(Credits: Far Out / NASA / Uwe Conrad)
Mon 1 December 2025 2:00, UK
Nowadays, the 1950s literally feel as though they were a lifetime ago. Different societies, different standards, and different ways of living all feel better left in the past. Put simply, 1957 is not like 2025.
But even despite this, there’s no getting away from the fact that this was a year in particular that wreaked its lasting influence all over the world, and still continues to affect us to this day. Don’t worry, it’s not something totally sinister or evil – it was the true birth of rock and roll, the blistering force of which left music well and truly changed forever.
Of course, whenever you mention this point in time and the birth of rock music even casually, there’s only really ever one major name that comes into the fray: Elvis Presley. In a lot of ways, it almost goes without saying that he was the artist who held the number one spot for the longest time in 1957, mainly because he never spent much time away from it.
In total, Presley had at least four tunes hit the top spot over the course of the year, including ‘All Shook Up’, ‘Let Me Be Your Teddy Bear’, ‘Too Much’, and ‘Jailhouse Rock’. Cumulatively, these hits gained him an unmatched reign of 25 weeks at number one, an obviously unparalleled record of almost half the year.
But within this, there was one song of the four that just pipped the rest to the post with its number one credentials, which happened to be ‘All Shook Up’. Beginning its stint at the top of the charts on April 13th, 1957, and remaining there for a subsequent nine weeks, it not only became Presley’s top song of the year, but also the tune that held the number one spot for the longest and became the most successful track of that 12 months.
What did Elvis Presley have to say about the song in 1957?
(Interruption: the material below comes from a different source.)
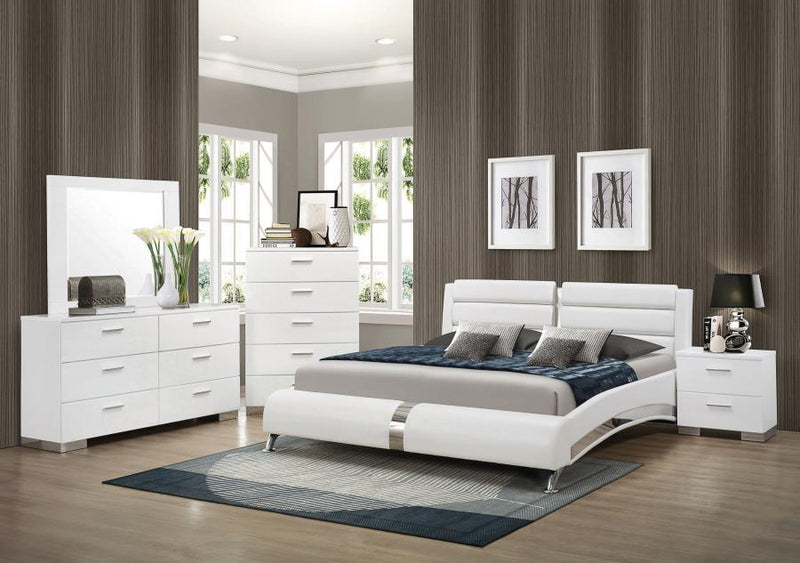 Jeremaine - Upholstered Bed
Between rumours that the title of the song came as a tagline for a can of Pepsi, or merely a mirage that Presley had himself, it’s difficult to know exactly how the wordage for the classic rock hit ever came to be. Something so succinct yet so instantly evocative must have taken a fair amount of toiling over to eventually come to fruition.
But according to the king himself, the process was really far more simple. He said in an interview later in 1957: “I’ve never even had an idea for a song. Just once, maybe. I went to bed one night, had quite a dream, and woke up all shook up. I phoned a pal and told him about it. By morning, he had a new song, ‘All Shook Up’.”
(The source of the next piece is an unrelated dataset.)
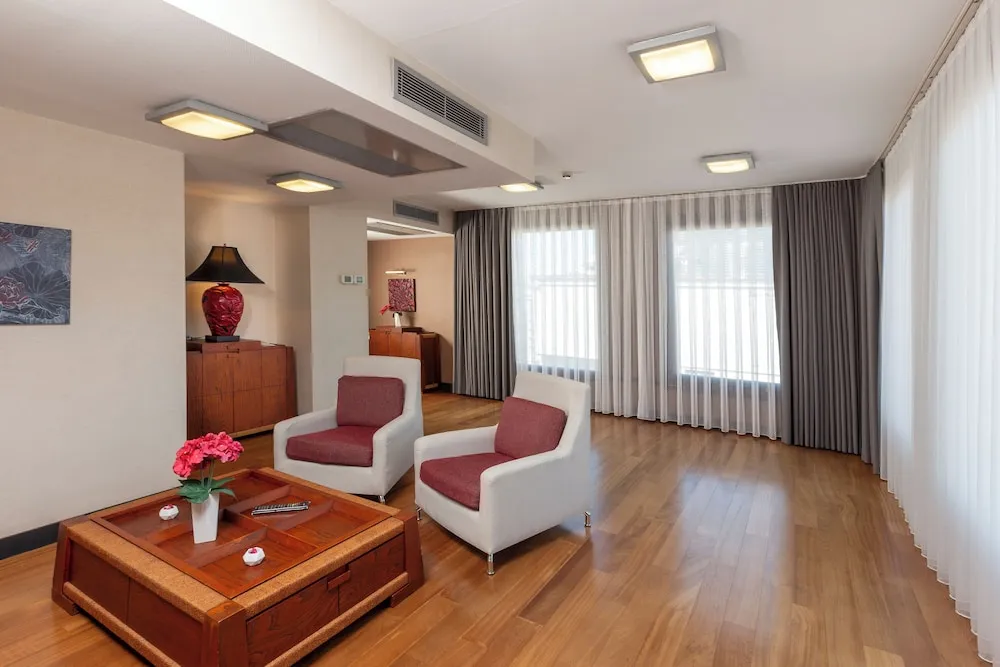 Penthouse Room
It seemed like this rare apparition was symbolic of all Presley’s later success, becoming one of his most seismic hits of that time period, and indeed of his whole career. Of course, it would be remiss to not put credit on the name of the friend in question, Otis Blackwell, who wrote the iconic lyrics.
Yet it’s never the background geniuses who get all the acclaim, only the ones who stand front and centre to convey the message. Through this lens, although Presley’s huge chart successes were seemingly the product of one man and one voice, there was really a whole army behind him working to make it happen.